As atividades de Janja, atual primeira-dama, não se distanciam muito das desempenhadas por suas antecessoras. Contudo, é inegável que sua presença na mídia tem sido mais constante, o que, como aponta a especialista Monalisa Soares, pode atrair um aumento nas críticas.
Para a jornalista Hebely Rebouças, a exposição pública de Janja a torna vulnerável às críticas, mas ela destaca que, em muitos casos, a mídia erra ao dar dimensões exageradas a determinadas situações. “É natural que suas ações sejam noticiadas, mas o problema está no tratamento desproporcional que elas recebem”, observa.
De acordo com as entrevistadas, há uma combinação de fatores que explicam o foco constante em Janja. Além da estrutura tradicionalmente patriarcal da sociedade, que coloca a imagem masculina como central, há também um descontentamento com o papel e as funções que ela ocupa como primeira-dama, intensificadas pelo apelo midiático, o que impulsiona os ataques que recebe.
>> Ponto de vista
Por Regina Ribeiro*
A escritora Danuza Leão causou um rebuliço com a crônica “Entre Aspas” em que chamava dona Marisa Letícia, primeira mulher do presidente Lula, de cafona, aliás o casal. O motivo foi uma festa junina, em 2004, durante o primeiro mandato do petista.

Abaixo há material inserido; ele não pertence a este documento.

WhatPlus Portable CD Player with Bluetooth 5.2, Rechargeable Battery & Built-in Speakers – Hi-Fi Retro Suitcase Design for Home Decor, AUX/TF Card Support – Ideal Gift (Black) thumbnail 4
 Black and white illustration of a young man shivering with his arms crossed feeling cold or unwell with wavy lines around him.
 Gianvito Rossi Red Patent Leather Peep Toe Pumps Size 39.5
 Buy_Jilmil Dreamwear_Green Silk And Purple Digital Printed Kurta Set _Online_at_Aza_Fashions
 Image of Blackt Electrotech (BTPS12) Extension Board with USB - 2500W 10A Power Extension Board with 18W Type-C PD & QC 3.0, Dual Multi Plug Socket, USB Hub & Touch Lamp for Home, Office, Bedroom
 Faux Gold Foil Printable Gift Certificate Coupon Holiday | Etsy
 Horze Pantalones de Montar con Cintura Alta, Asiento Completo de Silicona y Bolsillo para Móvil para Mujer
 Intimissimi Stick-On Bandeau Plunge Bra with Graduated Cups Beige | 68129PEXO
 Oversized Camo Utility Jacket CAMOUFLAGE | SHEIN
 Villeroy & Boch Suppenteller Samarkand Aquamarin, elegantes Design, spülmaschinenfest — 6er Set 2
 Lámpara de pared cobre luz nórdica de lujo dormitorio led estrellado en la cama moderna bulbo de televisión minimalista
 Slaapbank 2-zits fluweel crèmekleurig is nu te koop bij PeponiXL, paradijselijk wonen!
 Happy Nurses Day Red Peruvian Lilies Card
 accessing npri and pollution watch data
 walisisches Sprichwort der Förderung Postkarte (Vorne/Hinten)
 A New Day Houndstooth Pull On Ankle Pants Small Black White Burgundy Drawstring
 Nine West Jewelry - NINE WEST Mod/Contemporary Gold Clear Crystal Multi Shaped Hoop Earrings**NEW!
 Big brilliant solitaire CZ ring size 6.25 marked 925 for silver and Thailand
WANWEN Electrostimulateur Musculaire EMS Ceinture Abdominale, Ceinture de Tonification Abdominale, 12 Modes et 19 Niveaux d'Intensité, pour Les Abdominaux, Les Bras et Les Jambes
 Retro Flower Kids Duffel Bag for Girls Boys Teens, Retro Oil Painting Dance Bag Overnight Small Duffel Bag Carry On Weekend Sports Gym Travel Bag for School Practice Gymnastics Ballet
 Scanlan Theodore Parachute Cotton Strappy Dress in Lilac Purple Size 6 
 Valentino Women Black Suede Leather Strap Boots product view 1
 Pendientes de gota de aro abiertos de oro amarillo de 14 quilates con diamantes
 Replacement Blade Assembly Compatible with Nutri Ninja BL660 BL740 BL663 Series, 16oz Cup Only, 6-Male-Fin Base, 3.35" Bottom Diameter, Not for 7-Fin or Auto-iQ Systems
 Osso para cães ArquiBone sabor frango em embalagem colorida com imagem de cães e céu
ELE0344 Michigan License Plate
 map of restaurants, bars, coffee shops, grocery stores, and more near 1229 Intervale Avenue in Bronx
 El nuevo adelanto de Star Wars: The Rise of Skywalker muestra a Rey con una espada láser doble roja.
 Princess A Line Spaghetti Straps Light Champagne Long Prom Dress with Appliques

O tradicionalismo do “arrariá” presidencial ofendeu a socialite paulistana, ex-modelo, ex-mulher de Samuel Wainer, poderoso homem da mídia brasileira de meados do século passado, irmã da adorada cantora Nara Leão, ícone da Bossa Nova. Danuza chamou a festa de dona Marisa de “breguice e jeca”. Disse que Lula e o governo eram autoritários por ter pedido aos convidados para irem vestidos a caráter à festa caipira.
A reação foi certa. Houve muitas réplicas. Danuza explicitou seu preconceito de classe, disseram uns. Expôs o que a elite paulista tinha em mente, disseram outros. Ela nunca se desculpou e continuou considerando o governo Lula brega. Nunca poderia imaginar que acharia a Danusa inofensiva diante do que eu vejo acontecer com a socióloga primeira-dama Rosangela Lula da Silva, a Janja.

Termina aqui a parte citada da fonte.